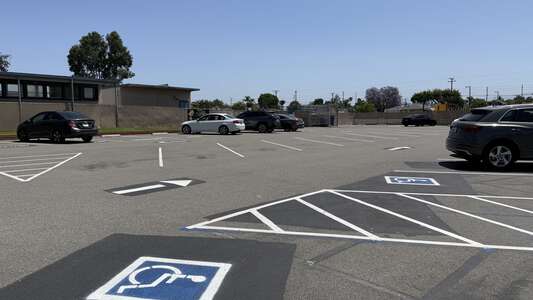 Parking Lot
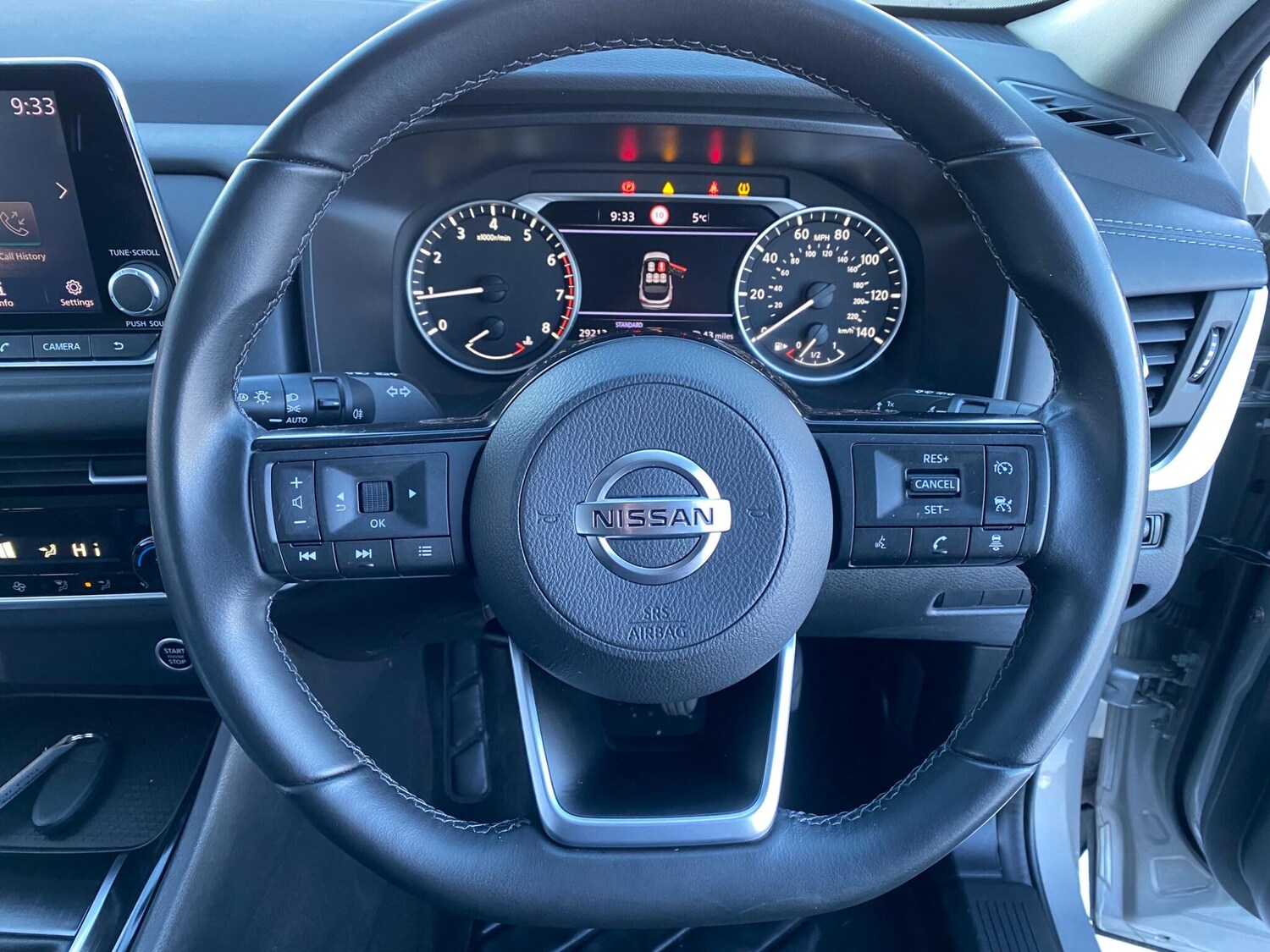 Used Nissan Qashqai 2021 for sale - 76964620: Photo 41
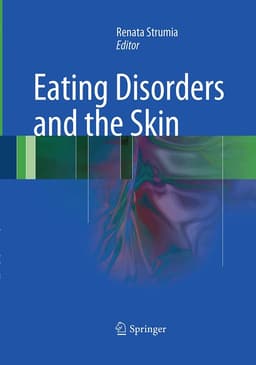 Eating Disorders and the Skin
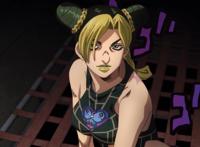 JOJO石之海后半部分预告：“迪亚波罗·安娜苏”终于说话了！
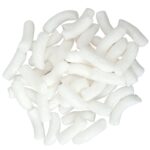 UNDERCARP Rozpuszczalne Pianki PVA pop-up pływające – Słoik 1000ml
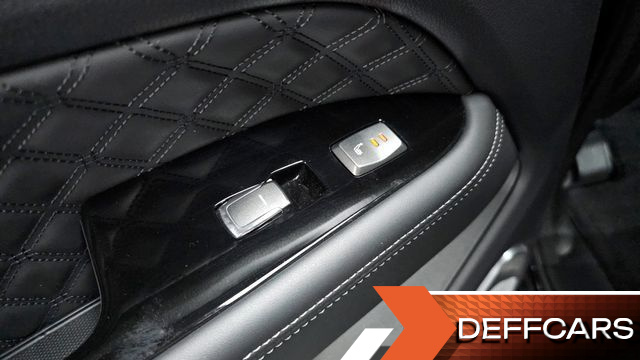 Ssangyong REXTON Diesel 2.2 2WD Prestige купить на сайте DeffCars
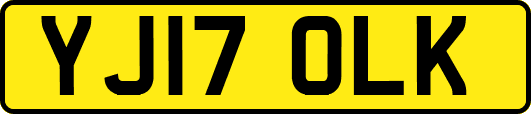 YJ17OLK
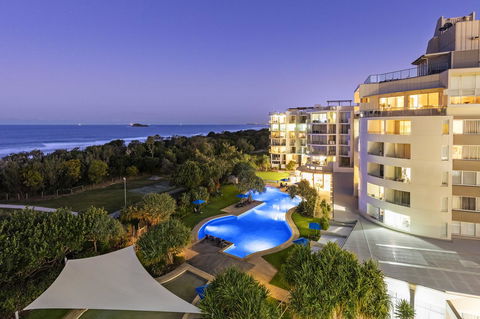 Ramada By Wyndham Marcoola Beach - Grafton Accommodation 6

* How to complete this task: Reproduce the entries above word for word. Pictures stay out.

* Solution to the problem:
 Parking Lot
 Used Nissan Qashqai 2021 for sale - 76964620: Photo 41
 Eating Disorders and the Skin
 JOJO石之海后半部分预告：“迪亚波罗·安娜苏”终于说话了！
 UNDERCARP Rozpuszczalne Pianki PVA pop-up pływające – Słoik 1000ml
 Ssangyong REXTON Diesel 2.2 2WD Prestige купить на сайте DeffCars
 YJ17OLK
 Ramada By Wyndham Marcoola Beach - Grafton Accommodation 6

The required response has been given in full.